Queering libraries: Challenging silence, challenging censorship, building LGBTQ resilience

This research explores the challenges and issues of inclusive library services and collections in all sectors about and for those who identify as sexual minority or gender variant or LGBTQ—lesbian, gay, bisexual, transgendered, trans-identified, two-spirited, and queer or questioning individuals. One particular area of focus is on LGBTQ Canadian youth with limited resources in rural and smaller urban areas, including the myths, stereotypes, and barriers to inclusive collections. The research includes library strategies for supporting LGBTQ communities, starting with the need for a legal, ethical, and mission framework for dealing with sexual minority and gender identity issues.

Also addressed is the “digital closet” focusing on questions about Internet access to LGBTQ information and sites when commercial filters are installed in libraries.

The naming of librarianship: Definitional analysis of a professional and scholarly field

This project is an investigation of the name of the discipline, with an emphasis on formal definitions of library science, information science, information management, knowledge management, informatics, their conceptual antecedents and successors, and other related terminology.

Intellectual freedom and censorship

The aim of this ongoing work is to explore issues and trends in complaints about the ideas and materials that have been made available through libraries and information technologies. A particular focus is on the representation of, library services to, and collections for and about sexual minorities in school and public libraries.

Internet access and filtering

One principal area of research relates to Internet filtering, including the implications of filtering in schools and school libraries

Internet access policies

The goal of this project is to maintain and expand a Web-based resource guide to the Internet access policies of Canadian libraries in the public sector.
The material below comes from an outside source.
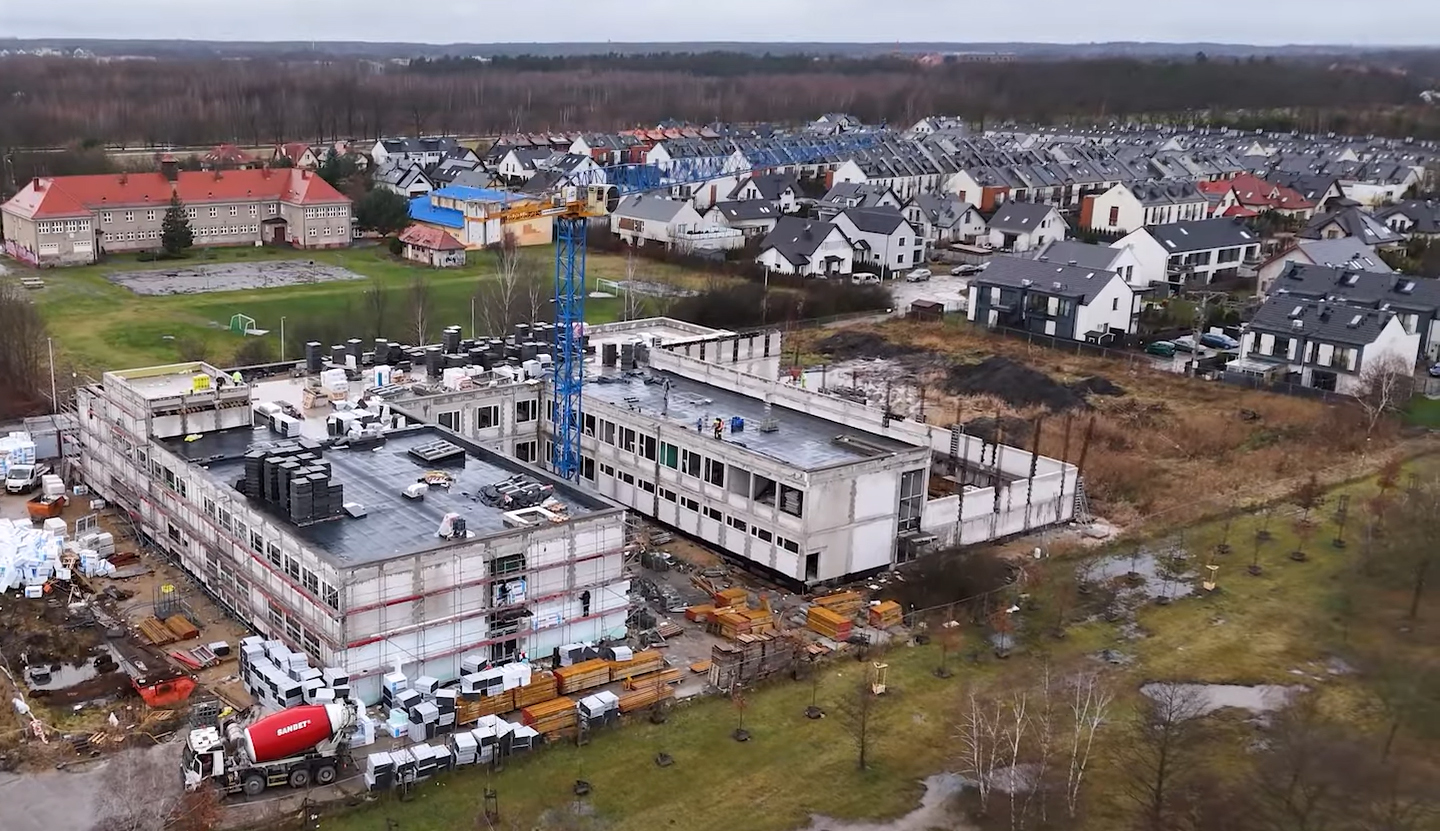 Rośnie nowa szkoła przy ul. Białostockiej na Maślicach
Current coverage includes public libraries, school libraries, and post-secondary libraries, as well as a section "Helpful Resources" that are published by Canadian authors or Canadian associations.

Intellectual freedom and human rights

This ongoing project explores the relationship between freedom of expression and human rights within the context of library collections and services.
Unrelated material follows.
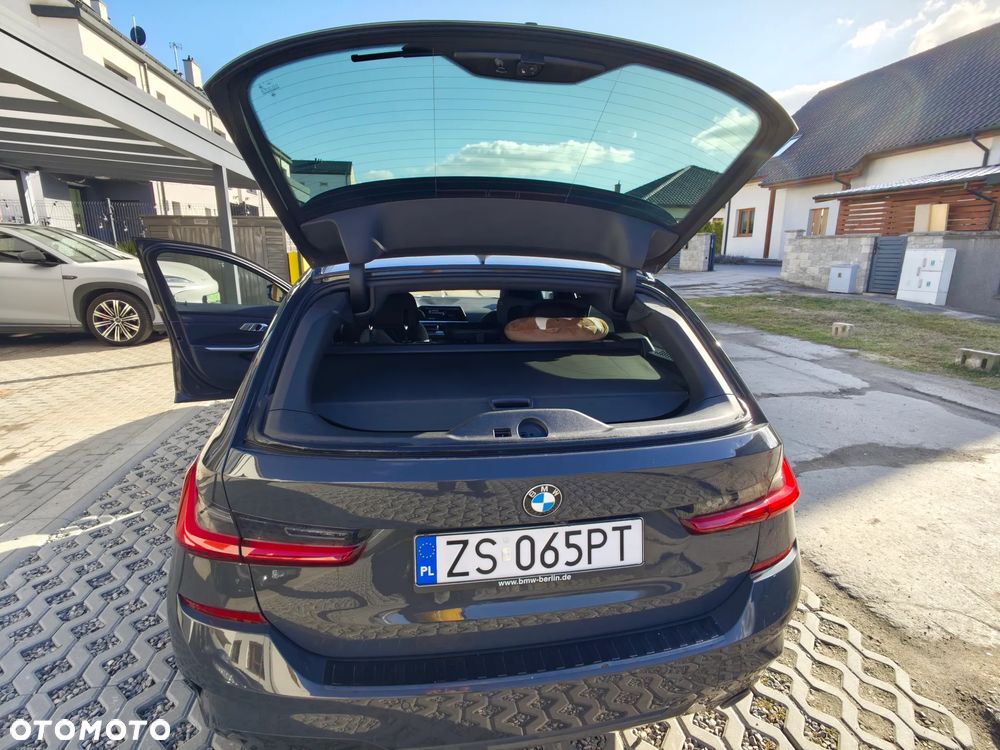 BMW Seria 3 330e xDrive M Sport - 8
Intellectual freedom and content labelling, ratings, viewer advisories, and audience warnings, in all media

This research is concerned with the growing propensity in all forms of contemporary media to tag expressive content with keywords and descriptors that focus on selected dimensions such as sexuality, violence, and obscenity.
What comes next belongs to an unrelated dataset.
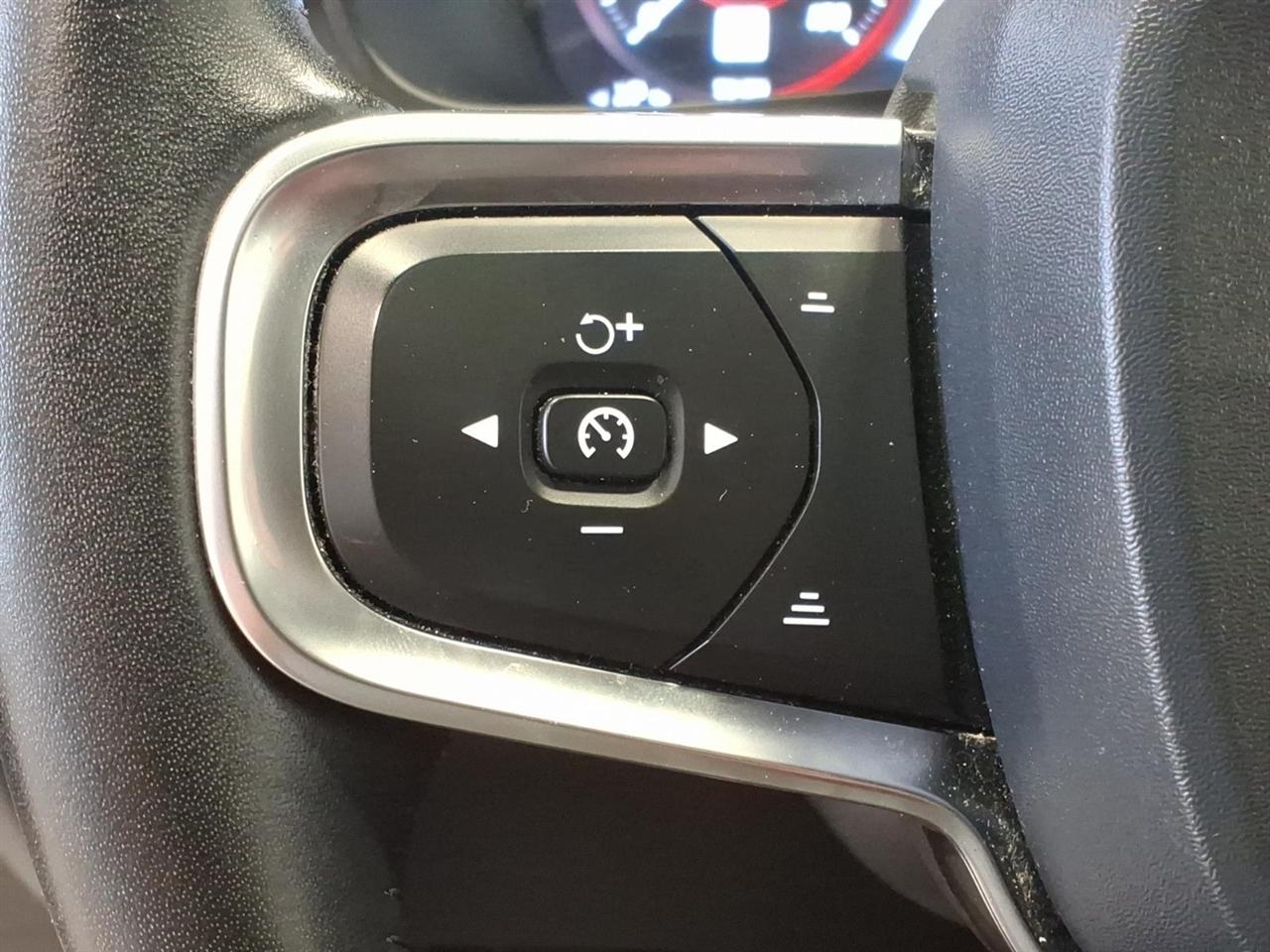 Volvo XC40 T5 AWD Momentum 2020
Challenges in articulating the value of libraries

This research addresses the surprisingly complex questions of the meaning of traditional library statistics and how well they communicate the deep meaning of library effectiveness. It explores the challenges of developing additional metrics to express library value, of shifting awareness from raw numbers to library use, attitudes, and benefits as experienced through the user's eyes. This is a shift from an insider vision to a culture of user-centred assessment. The work of articulating key success indicators for library users remains an urgent priority for Canadian librarians in all sectors, if their real benefits and contributions are going to be understood, valued, and supported by library users, decision makers, politicians, and advocates.

An early research project was the National Core Library Statistics Program, a periodic analysis of core statistics describing the cultural and economic impacts on Canadian society of library services in three broadly defined sectors, public, academic, and special libraries. Research Associate and co-author Michael R. Brundin and I have completed major reports analyzing the 1996 data and the 1999 data.